## [Data]
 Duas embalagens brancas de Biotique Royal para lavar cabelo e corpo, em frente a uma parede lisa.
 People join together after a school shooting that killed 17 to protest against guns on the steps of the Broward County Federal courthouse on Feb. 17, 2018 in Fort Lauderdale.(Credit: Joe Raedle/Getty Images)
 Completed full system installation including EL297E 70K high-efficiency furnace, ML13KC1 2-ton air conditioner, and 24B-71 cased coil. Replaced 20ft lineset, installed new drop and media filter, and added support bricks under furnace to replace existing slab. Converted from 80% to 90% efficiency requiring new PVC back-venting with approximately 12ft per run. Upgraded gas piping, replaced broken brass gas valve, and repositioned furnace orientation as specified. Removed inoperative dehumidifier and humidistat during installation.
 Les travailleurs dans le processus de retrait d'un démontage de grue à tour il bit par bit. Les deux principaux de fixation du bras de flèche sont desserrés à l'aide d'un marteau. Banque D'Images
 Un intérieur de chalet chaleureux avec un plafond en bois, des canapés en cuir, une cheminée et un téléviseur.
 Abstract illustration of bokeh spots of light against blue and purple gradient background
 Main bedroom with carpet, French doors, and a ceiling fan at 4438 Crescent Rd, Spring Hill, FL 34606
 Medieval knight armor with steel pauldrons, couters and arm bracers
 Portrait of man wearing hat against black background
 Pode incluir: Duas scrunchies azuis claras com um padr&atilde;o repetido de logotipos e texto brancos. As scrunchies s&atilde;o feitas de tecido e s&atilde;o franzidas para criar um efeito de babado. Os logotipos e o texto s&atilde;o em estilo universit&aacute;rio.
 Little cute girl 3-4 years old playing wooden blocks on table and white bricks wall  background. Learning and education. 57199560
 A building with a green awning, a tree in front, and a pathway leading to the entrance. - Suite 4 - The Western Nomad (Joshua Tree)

## [Task prompt]
Return only the part of the records above that opens with the line containing "Les travailleurs dans" and closes with the line containing "Abstract illustration of", ends included.

## [Result of this exercise]
 Les travailleurs dans le processus de retrait d'un démontage de grue à tour il bit par bit. Les deux principaux de fixation du bras de flèche sont desserrés à l'aide d'un marteau. Banque D'Images
 Un intérieur de chalet chaleureux avec un plafond en bois, des canapés en cuir, une cheminée et un téléviseur.
 Abstract illustration of bokeh spots of light against blue and purple gradient background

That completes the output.